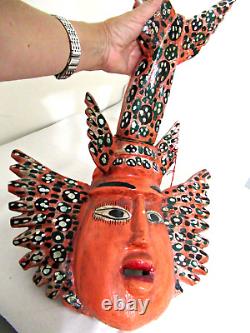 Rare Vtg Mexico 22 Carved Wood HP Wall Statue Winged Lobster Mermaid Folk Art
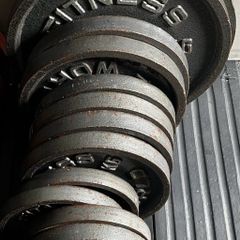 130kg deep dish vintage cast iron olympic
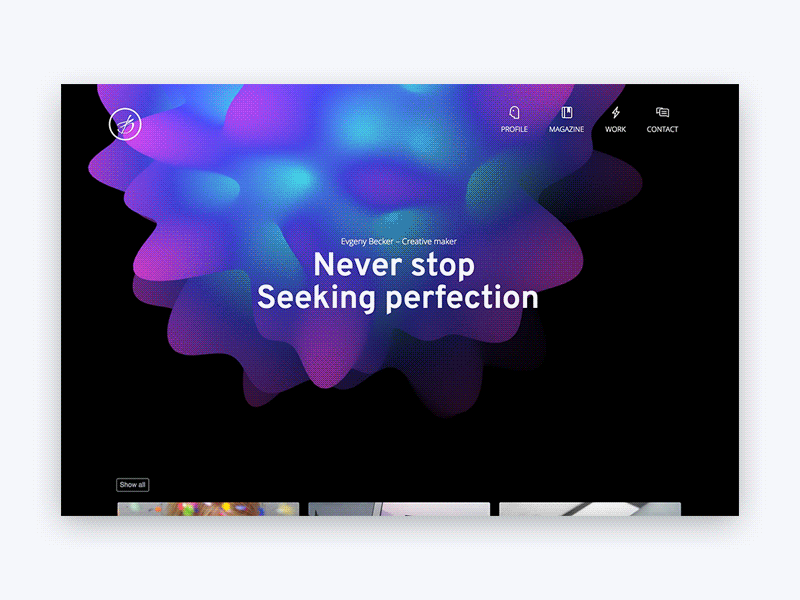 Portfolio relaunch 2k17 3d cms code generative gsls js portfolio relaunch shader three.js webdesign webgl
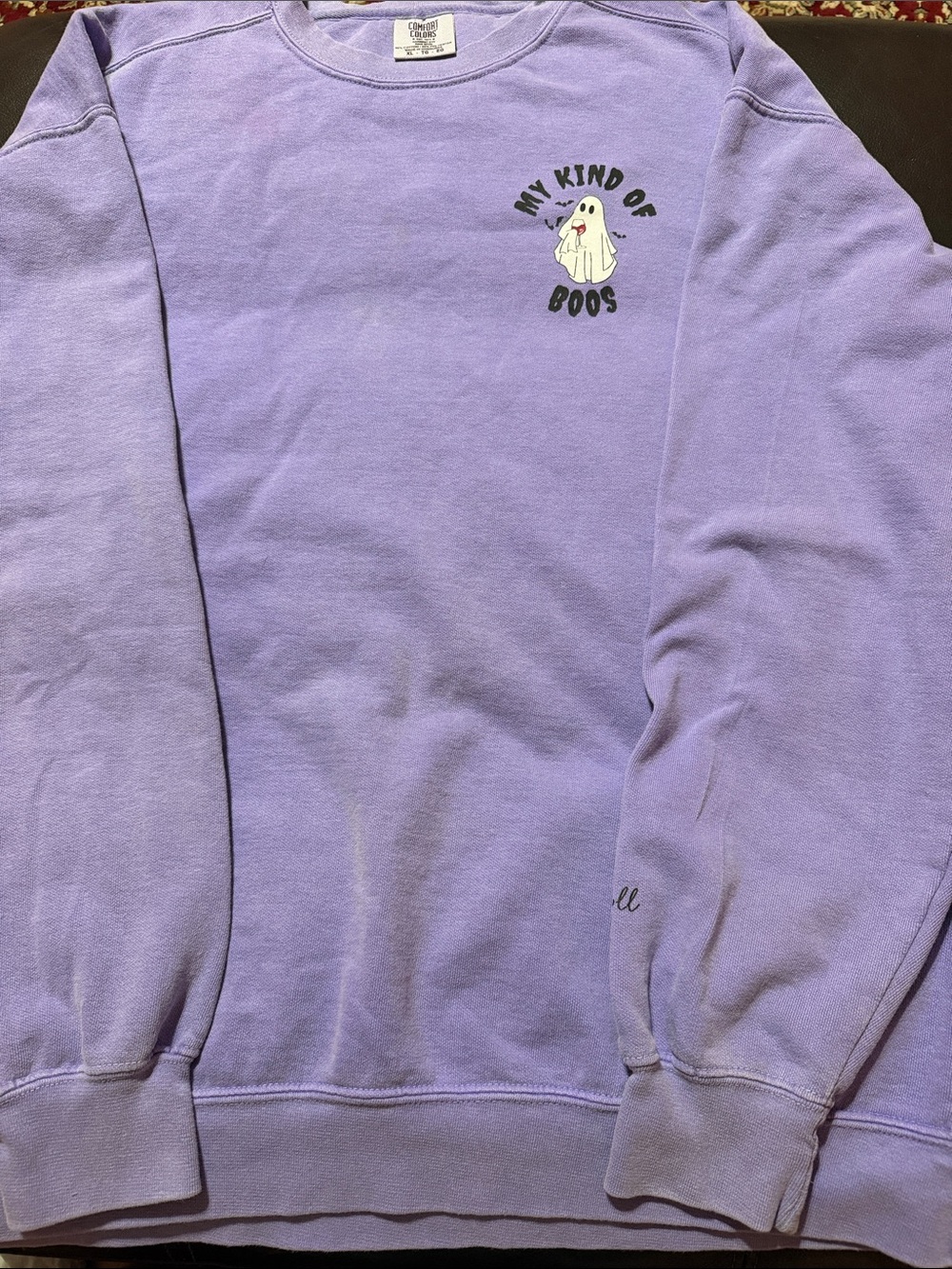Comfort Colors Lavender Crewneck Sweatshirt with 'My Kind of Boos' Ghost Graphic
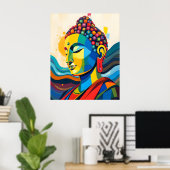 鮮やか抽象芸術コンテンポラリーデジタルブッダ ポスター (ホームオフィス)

------------------------------------------------------------------------

# WORK INSTRUCTION
Pictures excluded, print only the lines from the one with "Comfort Colors Lavender" through the end of the entries above, exactly as written.

# SOLUTION
Comfort Colors Lavender Crewneck Sweatshirt with 'My Kind of Boos' Ghost Graphic
 鮮やか抽象芸術コンテンポラリーデジタルブッダ ポスター (ホームオフィス)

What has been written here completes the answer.